Give back every line of the material below exactly, but no images.

Data shown:

'''

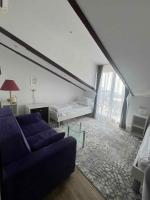 Twin Room with Sea View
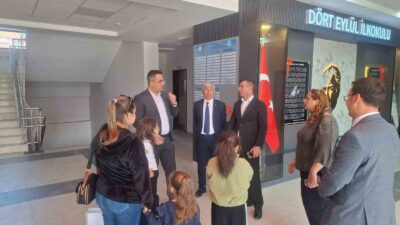 Manisa’nın Sarıgöl ilçesinde Kaymakam Halil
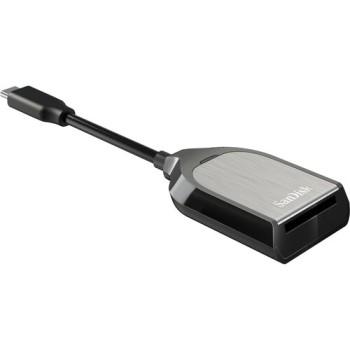 SanDisk Extreme Pro USB Type-C Reader for SD UHS-I & UHS-II SDDR-409-G46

'''

The answer:
 Twin Room with Sea View
 Manisa’nın Sarıgöl ilçesinde Kaymakam Halil
 SanDisk Extreme Pro USB Type-C Reader for SD UHS-I & UHS-II SDDR-409-G46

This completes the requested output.